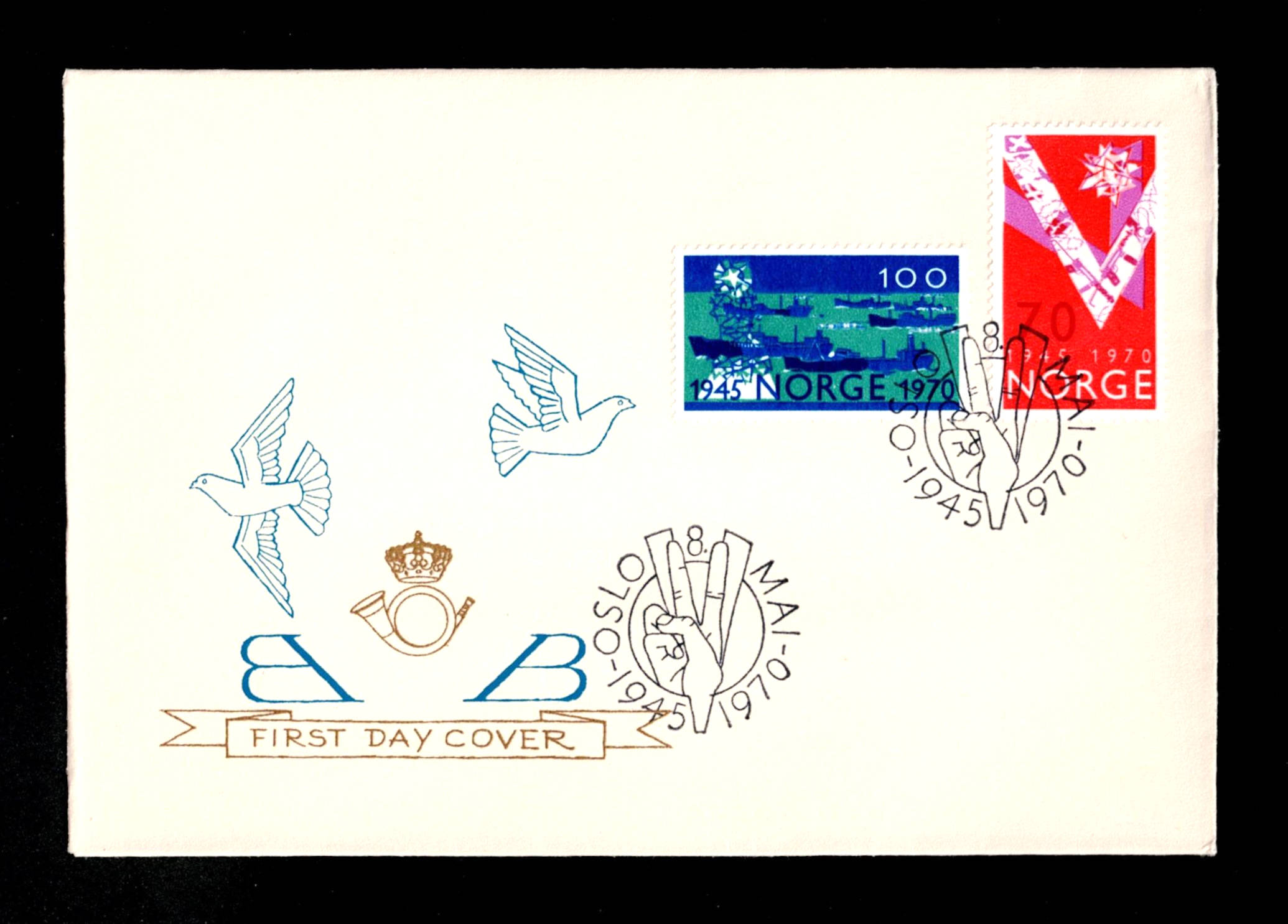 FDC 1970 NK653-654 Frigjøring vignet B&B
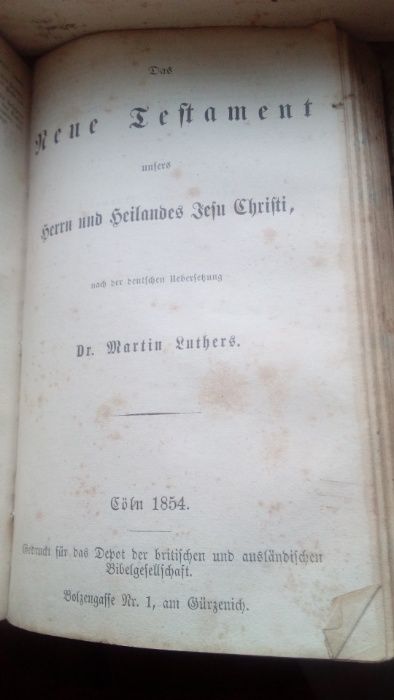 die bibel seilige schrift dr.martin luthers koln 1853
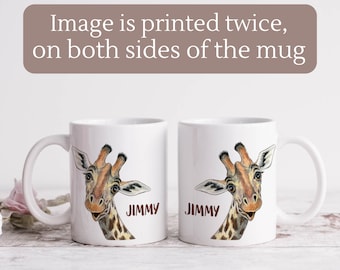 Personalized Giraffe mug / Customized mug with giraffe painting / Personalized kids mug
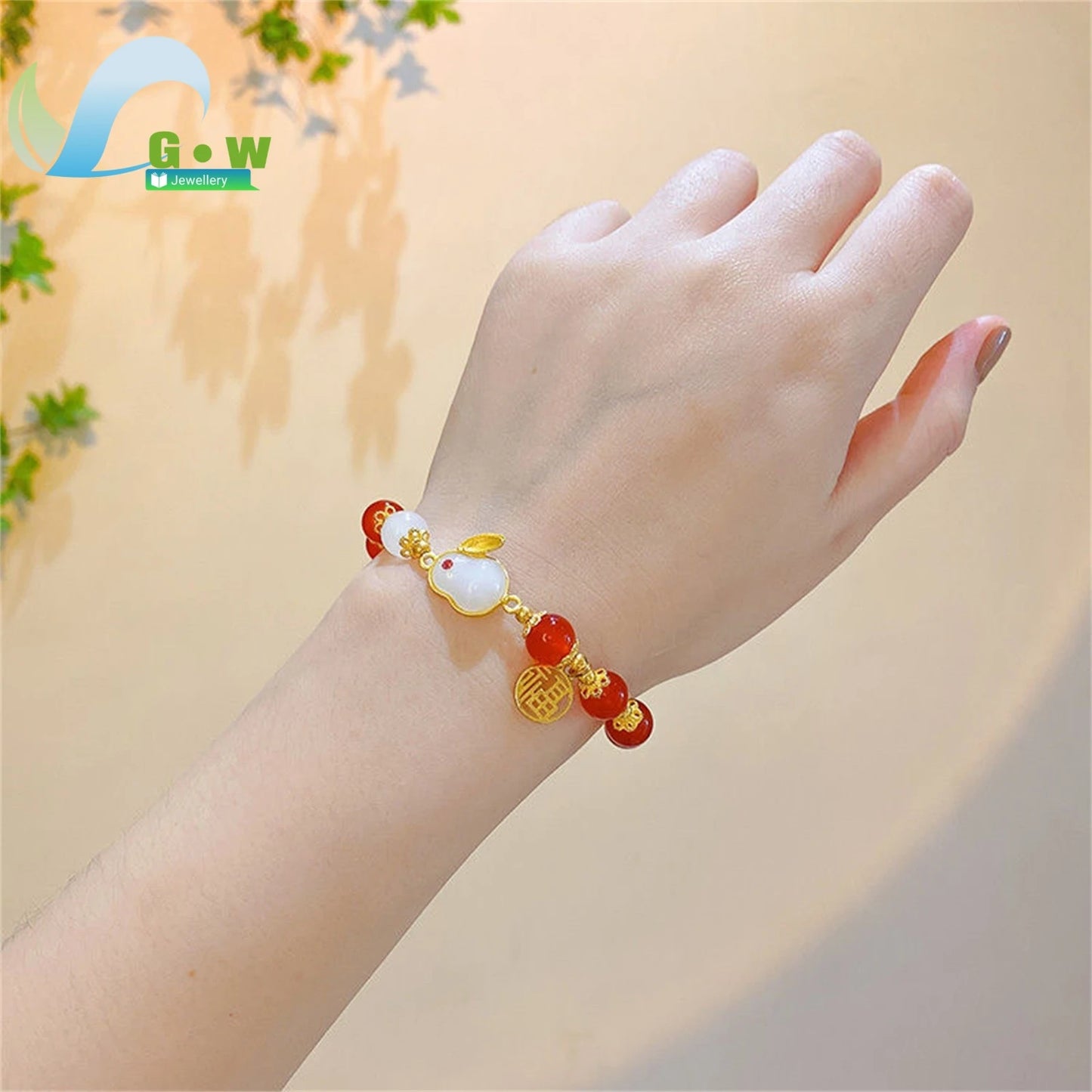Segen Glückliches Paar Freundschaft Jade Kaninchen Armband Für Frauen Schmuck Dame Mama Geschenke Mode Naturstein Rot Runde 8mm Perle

→ **Problem requirements**
The listing above is to be set down word for word, without its images.

→ **Finished exercise**
 FDC 1970 NK653-654 Frigjøring vignet B&B
 die bibel seilige schrift dr.martin luthers koln 1853
 Personalized Giraffe mug / Customized mug with giraffe painting / Personalized kids mug
Segen Glückliches Paar Freundschaft Jade Kaninchen Armband Für Frauen Schmuck Dame Mama Geschenke Mode Naturstein Rot Runde 8mm Perle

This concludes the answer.